--- Instructions for the task ---
In the listing below, find the line with "What is the", then repeat exactly every line from the top through that one.

--- Record excerpts ---
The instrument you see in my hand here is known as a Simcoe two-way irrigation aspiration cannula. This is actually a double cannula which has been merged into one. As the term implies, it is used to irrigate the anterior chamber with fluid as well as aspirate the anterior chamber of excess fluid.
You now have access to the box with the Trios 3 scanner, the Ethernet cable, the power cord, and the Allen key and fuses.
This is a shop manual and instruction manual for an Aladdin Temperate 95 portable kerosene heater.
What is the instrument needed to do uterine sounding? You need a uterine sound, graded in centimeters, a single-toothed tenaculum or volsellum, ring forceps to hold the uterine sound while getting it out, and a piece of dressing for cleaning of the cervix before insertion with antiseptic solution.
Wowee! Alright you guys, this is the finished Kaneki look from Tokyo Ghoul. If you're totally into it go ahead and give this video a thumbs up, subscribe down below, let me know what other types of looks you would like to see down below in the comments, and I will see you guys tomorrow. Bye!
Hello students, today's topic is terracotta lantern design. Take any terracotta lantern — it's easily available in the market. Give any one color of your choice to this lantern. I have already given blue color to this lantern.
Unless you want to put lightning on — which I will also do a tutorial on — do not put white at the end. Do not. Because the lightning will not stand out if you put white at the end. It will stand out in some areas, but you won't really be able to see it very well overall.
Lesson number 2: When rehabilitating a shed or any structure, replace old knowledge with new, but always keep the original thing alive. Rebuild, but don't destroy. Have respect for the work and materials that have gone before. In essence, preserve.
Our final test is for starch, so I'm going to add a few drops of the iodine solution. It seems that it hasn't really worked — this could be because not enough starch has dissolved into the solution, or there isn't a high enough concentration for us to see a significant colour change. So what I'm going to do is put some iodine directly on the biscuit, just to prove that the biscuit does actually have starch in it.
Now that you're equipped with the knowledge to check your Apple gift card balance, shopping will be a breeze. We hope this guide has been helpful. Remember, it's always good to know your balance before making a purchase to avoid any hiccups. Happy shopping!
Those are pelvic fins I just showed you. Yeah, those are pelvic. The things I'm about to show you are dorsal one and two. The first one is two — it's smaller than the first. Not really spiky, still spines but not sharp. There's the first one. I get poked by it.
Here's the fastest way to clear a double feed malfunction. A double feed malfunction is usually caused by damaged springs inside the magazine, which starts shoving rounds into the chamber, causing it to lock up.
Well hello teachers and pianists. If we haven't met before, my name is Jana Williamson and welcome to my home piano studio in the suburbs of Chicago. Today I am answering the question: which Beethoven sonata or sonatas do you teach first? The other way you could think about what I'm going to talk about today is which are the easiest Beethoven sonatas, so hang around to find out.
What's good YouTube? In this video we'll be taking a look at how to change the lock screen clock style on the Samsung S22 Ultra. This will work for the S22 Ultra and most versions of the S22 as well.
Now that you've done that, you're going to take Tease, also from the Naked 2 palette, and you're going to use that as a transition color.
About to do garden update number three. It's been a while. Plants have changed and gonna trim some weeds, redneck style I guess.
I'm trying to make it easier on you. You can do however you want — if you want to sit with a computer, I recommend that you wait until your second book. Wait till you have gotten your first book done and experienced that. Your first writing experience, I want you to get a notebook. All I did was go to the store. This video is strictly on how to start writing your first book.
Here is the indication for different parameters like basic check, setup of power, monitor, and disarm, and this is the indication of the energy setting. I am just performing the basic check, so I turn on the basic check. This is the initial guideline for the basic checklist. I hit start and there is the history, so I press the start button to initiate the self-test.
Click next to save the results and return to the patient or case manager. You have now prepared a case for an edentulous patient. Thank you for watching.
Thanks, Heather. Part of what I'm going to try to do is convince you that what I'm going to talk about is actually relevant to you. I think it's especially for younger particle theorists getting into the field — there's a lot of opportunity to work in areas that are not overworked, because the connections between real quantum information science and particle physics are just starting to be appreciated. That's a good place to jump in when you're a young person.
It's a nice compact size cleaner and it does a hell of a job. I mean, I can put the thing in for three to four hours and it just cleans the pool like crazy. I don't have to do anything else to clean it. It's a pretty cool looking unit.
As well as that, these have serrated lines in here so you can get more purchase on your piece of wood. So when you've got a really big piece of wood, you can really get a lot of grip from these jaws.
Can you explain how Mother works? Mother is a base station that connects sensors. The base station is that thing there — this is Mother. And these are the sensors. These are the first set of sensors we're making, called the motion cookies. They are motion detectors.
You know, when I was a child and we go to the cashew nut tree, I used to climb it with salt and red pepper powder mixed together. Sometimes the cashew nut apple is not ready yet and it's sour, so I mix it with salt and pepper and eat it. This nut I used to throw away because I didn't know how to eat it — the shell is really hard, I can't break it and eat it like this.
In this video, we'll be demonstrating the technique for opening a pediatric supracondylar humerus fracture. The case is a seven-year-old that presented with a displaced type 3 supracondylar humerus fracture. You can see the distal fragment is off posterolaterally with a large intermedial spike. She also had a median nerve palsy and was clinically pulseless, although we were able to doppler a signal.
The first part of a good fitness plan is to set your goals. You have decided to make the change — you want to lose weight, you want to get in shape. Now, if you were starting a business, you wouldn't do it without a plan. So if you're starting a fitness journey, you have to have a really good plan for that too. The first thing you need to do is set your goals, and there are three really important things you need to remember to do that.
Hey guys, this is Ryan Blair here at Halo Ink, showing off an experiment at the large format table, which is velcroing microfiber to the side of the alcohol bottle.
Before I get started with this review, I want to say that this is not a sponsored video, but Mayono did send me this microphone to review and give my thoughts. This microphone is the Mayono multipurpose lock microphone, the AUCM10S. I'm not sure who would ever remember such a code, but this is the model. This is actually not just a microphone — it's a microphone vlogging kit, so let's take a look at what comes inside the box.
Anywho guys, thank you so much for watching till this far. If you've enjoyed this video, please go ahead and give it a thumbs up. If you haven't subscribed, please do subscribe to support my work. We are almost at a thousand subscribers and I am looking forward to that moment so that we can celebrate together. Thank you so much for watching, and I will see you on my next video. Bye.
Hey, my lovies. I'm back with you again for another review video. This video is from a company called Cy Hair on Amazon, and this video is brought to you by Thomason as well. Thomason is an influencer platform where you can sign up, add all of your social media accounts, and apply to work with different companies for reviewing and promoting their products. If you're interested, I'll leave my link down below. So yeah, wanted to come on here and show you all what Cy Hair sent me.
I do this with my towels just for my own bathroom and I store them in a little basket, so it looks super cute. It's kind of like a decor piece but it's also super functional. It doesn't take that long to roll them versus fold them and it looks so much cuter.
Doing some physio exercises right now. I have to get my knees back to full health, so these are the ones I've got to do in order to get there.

--- Exercise response ---
The instrument you see in my hand here is known as a Simcoe two-way irrigation aspiration cannula. This is actually a double cannula which has been merged into one. As the term implies, it is used to irrigate the anterior chamber with fluid as well as aspirate the anterior chamber of excess fluid.
You now have access to the box with the Trios 3 scanner, the Ethernet cable, the power cord, and the Allen key and fuses.
This is a shop manual and instruction manual for an Aladdin Temperate 95 portable kerosene heater.
What is the instrument needed to do uterine sounding? You need a uterine sound, graded in centimeters, a single-toothed tenaculum or volsellum, ring forceps to hold the uterine sound while getting it out, and a piece of dressing for cleaning of the cervix before insertion with antiseptic solution.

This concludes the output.